* **Assigned task**: No pictures belong in the copy. Retype exactly, and only, the stretch of lines below from the one with "Plus Size Grey" through the one with "Robe courte bleu".

* **Records for this task**:
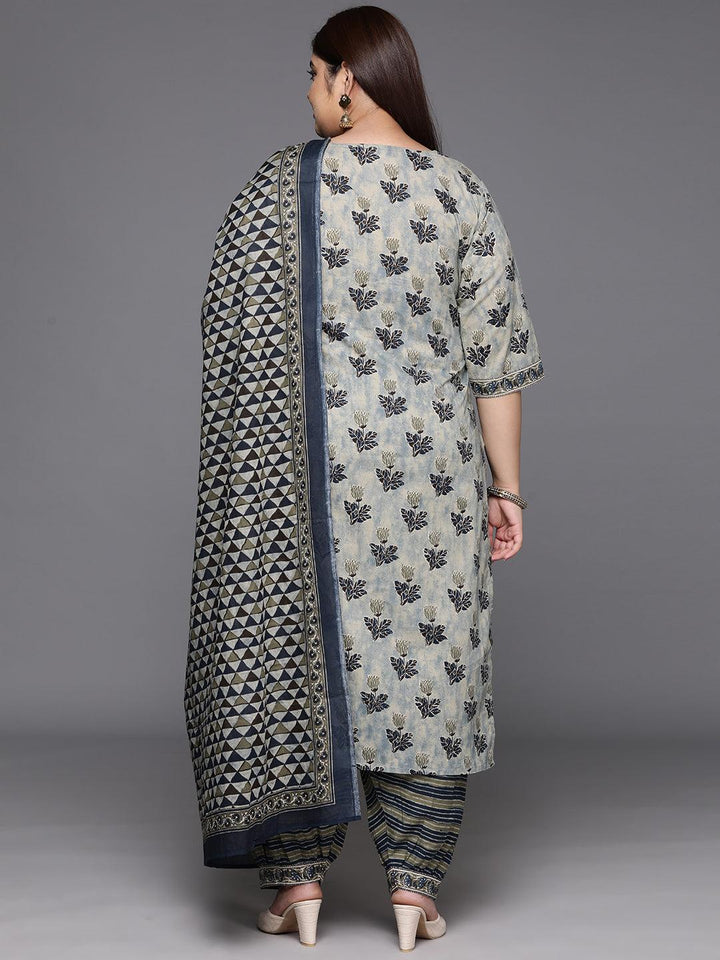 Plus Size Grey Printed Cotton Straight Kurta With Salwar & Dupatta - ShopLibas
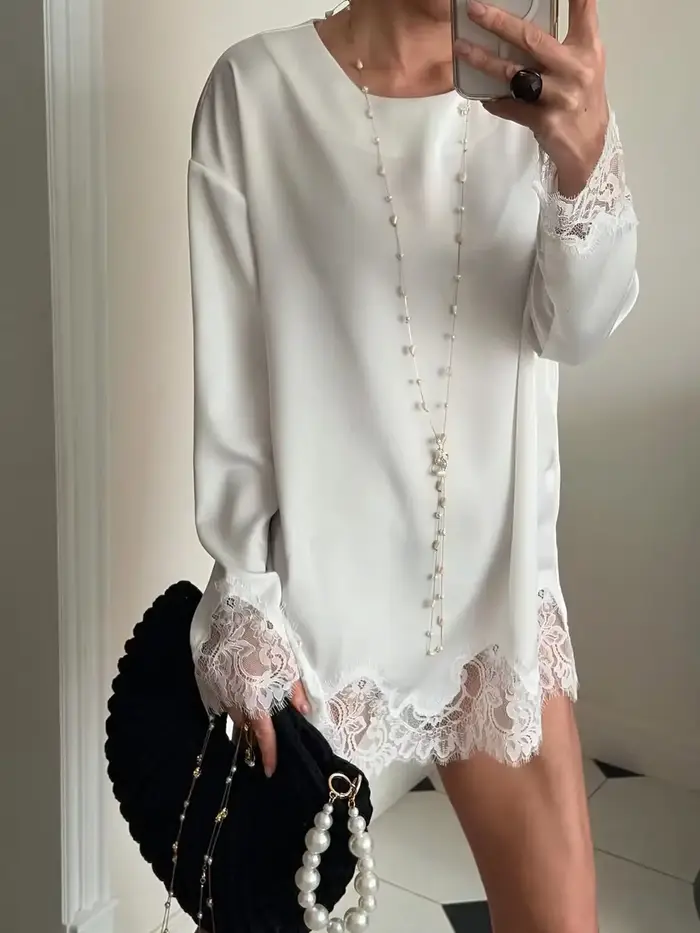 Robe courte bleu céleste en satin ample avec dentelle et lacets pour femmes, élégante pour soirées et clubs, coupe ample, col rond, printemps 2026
---
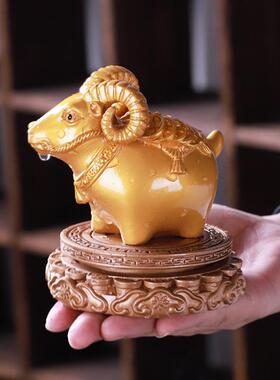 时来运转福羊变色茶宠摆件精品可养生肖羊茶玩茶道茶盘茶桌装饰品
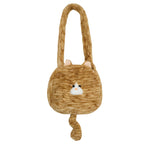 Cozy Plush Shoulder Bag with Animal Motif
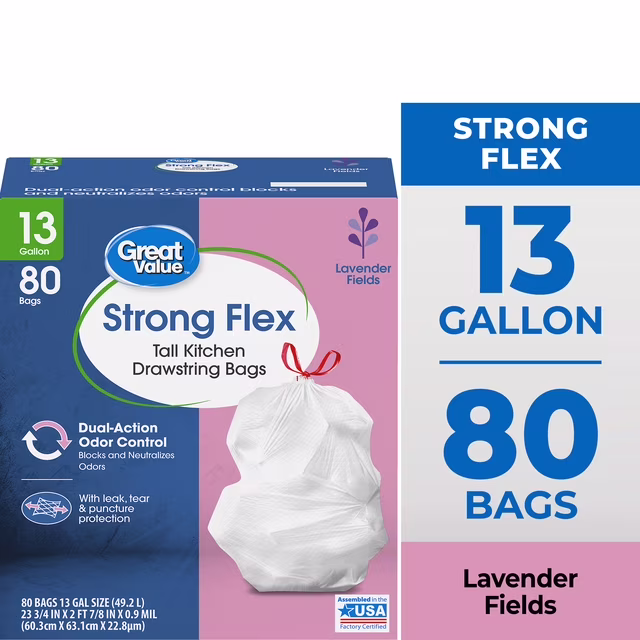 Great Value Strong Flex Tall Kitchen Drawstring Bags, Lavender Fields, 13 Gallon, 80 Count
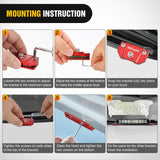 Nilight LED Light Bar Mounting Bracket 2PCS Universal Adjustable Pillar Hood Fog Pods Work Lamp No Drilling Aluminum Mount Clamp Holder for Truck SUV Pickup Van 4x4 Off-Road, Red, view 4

* **The completed task**:
 Plus Size Grey Printed Cotton Straight Kurta With Salwar & Dupatta - ShopLibas
 Robe courte bleu céleste en satin ample avec dentelle et lacets pour femmes, élégante pour soirées et clubs, coupe ample, col rond, printemps 2026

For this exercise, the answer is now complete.